**Instructions to follow:** Using only the entries below, copy exactly the lines that begin at the one with "Suministro de AC220V" and end at the one with "Boy Scouts Drum Corps", both included. Drop the pictures.

**Available data:**
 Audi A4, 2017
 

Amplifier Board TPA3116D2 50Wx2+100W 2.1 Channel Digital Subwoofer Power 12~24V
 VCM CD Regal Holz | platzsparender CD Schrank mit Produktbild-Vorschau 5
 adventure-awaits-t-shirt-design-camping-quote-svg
...
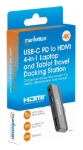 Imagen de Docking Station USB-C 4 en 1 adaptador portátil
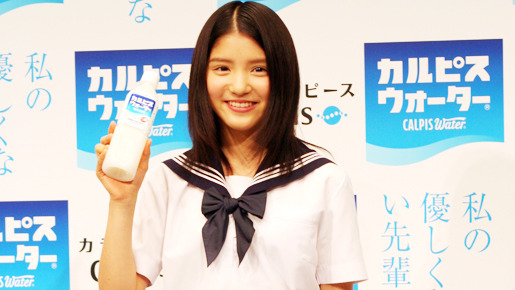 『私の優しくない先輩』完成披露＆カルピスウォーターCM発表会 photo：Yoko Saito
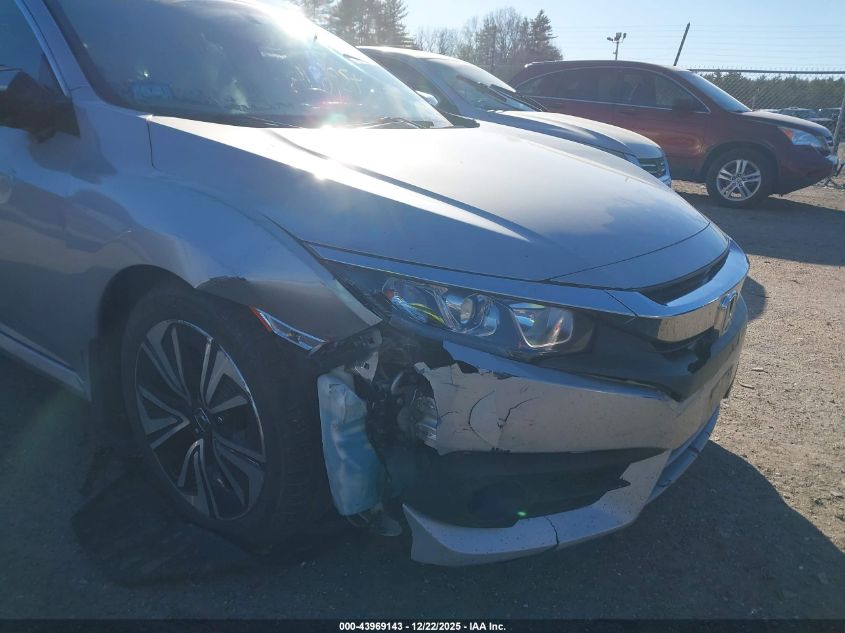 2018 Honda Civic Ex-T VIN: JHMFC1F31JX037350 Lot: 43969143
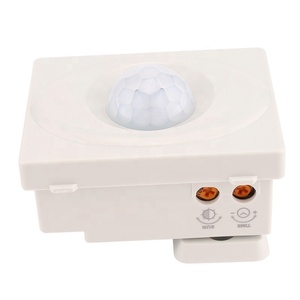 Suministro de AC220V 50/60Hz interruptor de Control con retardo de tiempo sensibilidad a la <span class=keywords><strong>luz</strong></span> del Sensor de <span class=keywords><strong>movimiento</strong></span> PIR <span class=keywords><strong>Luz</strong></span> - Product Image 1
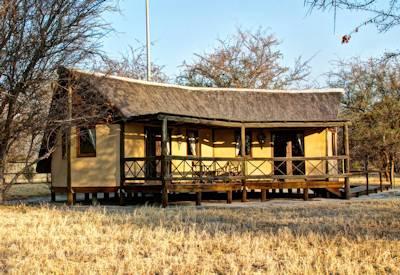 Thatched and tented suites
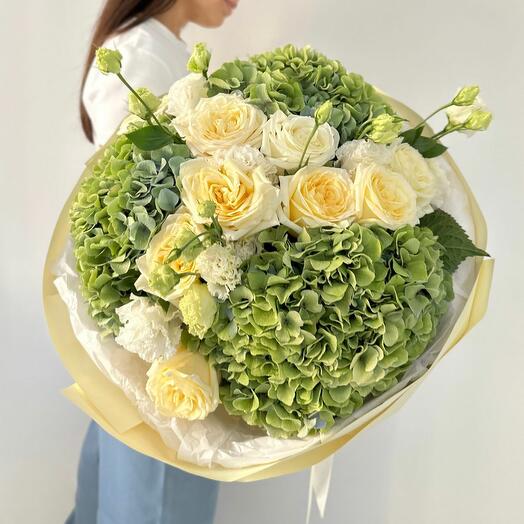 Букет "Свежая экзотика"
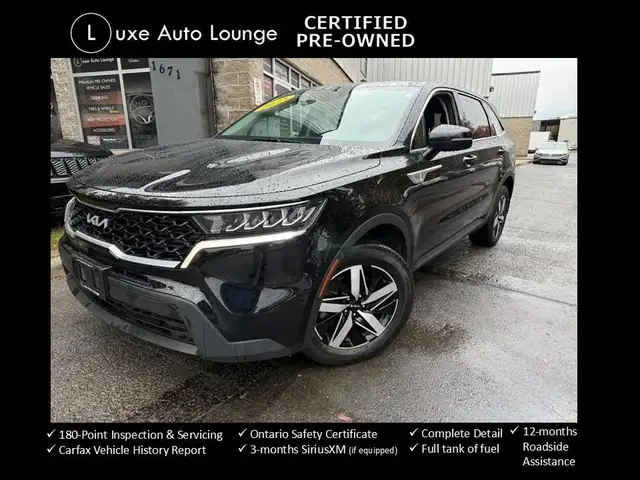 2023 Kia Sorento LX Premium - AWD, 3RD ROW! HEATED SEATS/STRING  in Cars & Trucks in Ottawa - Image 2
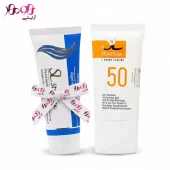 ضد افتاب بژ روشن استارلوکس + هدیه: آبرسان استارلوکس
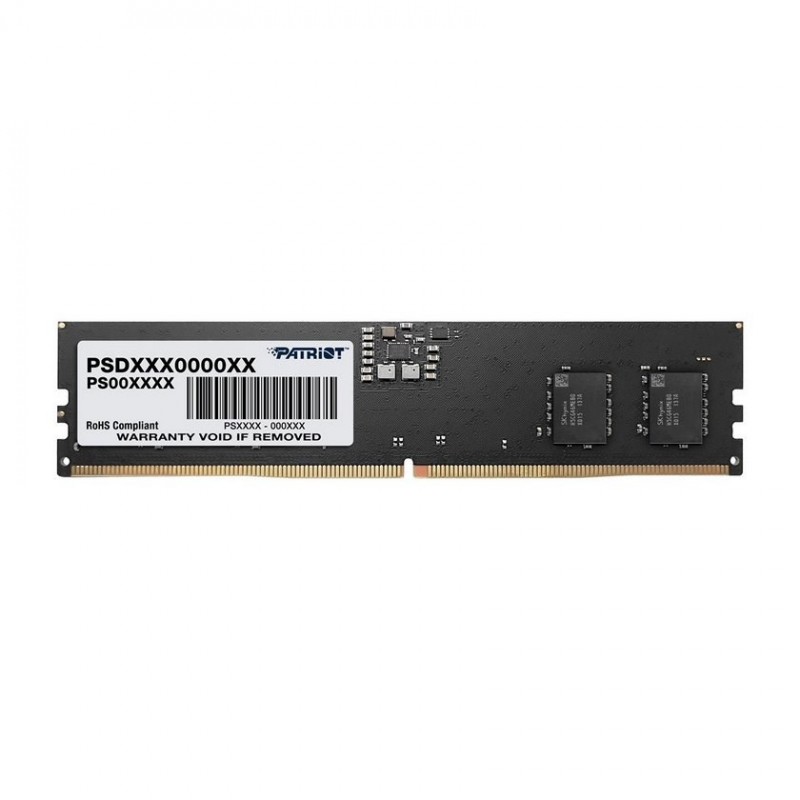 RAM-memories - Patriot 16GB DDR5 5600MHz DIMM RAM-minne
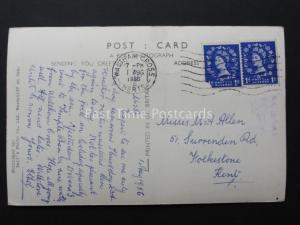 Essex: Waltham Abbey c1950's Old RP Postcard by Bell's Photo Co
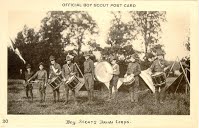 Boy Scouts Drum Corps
...
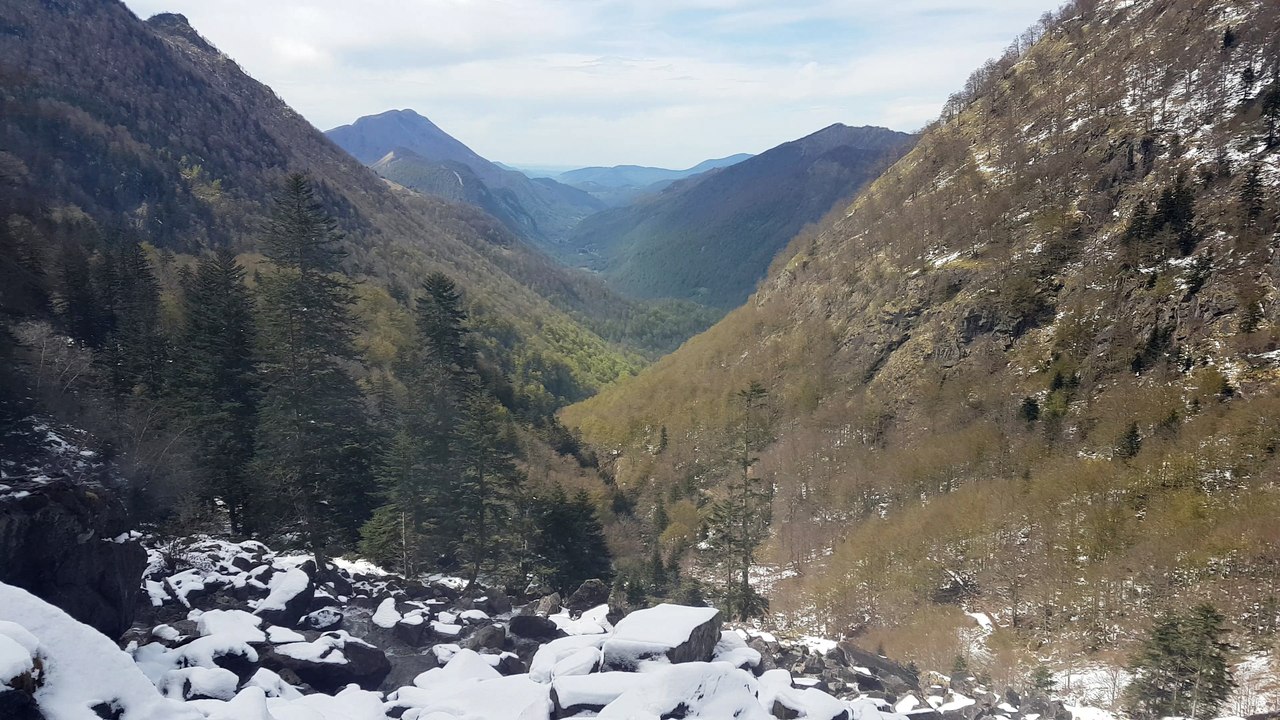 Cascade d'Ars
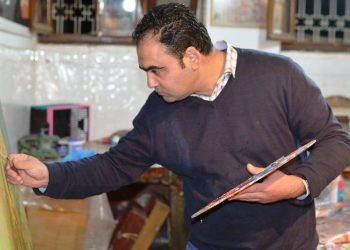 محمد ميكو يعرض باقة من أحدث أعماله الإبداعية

**Result of the task:**
 Suministro de AC220V 50/60Hz interruptor de Control con retardo de tiempo sensibilidad a la <span class=keywords><strong>luz</strong></span> del Sensor de <span class=keywords><strong>movimiento</strong></span> PIR <span class=keywords><strong>Luz</strong></span> - Product Image 1
 Thatched and tented suites
 Букет "Свежая экзотика"
 2023 Kia Sorento LX Premium - AWD, 3RD ROW! HEATED SEATS/STRING  in Cars & Trucks in Ottawa - Image 2
 ضد افتاب بژ روشن استارلوکس + هدیه: آبرسان استارلوکس
 RAM-memories - Patriot 16GB DDR5 5600MHz DIMM RAM-minne
 Essex: Waltham Abbey c1950's Old RP Postcard by Bell's Photo Co
 Boy Scouts Drum Corps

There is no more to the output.